## [TASK DESCRIPTION]
Starting at the top of the data and ending with the line that holds "Cosmetic bag", transcribe each line exactly; include both ends.

Web page caption snippets
#####

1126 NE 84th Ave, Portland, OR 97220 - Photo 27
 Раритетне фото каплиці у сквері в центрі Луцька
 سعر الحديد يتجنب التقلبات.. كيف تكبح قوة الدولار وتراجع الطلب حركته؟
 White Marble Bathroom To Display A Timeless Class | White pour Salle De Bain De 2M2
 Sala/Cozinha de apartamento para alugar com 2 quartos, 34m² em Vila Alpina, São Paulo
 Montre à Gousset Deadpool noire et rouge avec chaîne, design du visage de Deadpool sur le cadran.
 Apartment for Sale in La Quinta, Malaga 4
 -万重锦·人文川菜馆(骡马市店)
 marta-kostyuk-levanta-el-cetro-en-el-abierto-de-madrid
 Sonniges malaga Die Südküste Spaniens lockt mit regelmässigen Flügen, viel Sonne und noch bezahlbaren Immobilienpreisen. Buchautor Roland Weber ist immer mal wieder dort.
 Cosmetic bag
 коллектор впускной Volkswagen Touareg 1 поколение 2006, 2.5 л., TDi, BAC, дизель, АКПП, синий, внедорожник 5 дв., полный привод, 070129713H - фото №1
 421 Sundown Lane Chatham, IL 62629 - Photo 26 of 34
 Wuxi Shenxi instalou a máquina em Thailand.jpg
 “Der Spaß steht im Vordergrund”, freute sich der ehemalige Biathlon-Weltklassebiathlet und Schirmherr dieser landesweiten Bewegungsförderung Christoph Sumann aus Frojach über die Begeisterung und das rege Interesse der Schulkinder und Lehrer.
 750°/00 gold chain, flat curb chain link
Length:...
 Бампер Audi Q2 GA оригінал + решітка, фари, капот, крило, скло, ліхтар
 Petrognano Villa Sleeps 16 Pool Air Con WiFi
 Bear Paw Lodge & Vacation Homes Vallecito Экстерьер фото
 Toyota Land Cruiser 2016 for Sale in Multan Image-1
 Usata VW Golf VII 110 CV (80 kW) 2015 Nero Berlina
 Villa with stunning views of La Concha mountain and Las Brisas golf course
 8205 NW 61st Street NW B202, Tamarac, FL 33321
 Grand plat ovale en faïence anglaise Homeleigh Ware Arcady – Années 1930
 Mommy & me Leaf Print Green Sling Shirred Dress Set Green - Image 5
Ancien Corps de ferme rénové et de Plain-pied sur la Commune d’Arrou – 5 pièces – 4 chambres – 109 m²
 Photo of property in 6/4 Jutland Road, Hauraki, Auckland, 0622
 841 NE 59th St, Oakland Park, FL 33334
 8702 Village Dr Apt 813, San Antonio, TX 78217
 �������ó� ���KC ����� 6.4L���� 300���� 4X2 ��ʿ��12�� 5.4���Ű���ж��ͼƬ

#####

## [YOUR RESPONSE]
1126 NE 84th Ave, Portland, OR 97220 - Photo 27
 Раритетне фото каплиці у сквері в центрі Луцька
 سعر الحديد يتجنب التقلبات.. كيف تكبح قوة الدولار وتراجع الطلب حركته؟
 White Marble Bathroom To Display A Timeless Class | White pour Salle De Bain De 2M2
 Sala/Cozinha de apartamento para alugar com 2 quartos, 34m² em Vila Alpina, São Paulo
 Montre à Gousset Deadpool noire et rouge avec chaîne, design du visage de Deadpool sur le cadran.
 Apartment for Sale in La Quinta, Malaga 4
 -万重锦·人文川菜馆(骡马市店)
 marta-kostyuk-levanta-el-cetro-en-el-abierto-de-madrid
 Sonniges malaga Die Südküste Spaniens lockt mit regelmässigen Flügen, viel Sonne und noch bezahlbaren Immobilienpreisen. Buchautor Roland Weber ist immer mal wieder dort.
 Cosmetic bag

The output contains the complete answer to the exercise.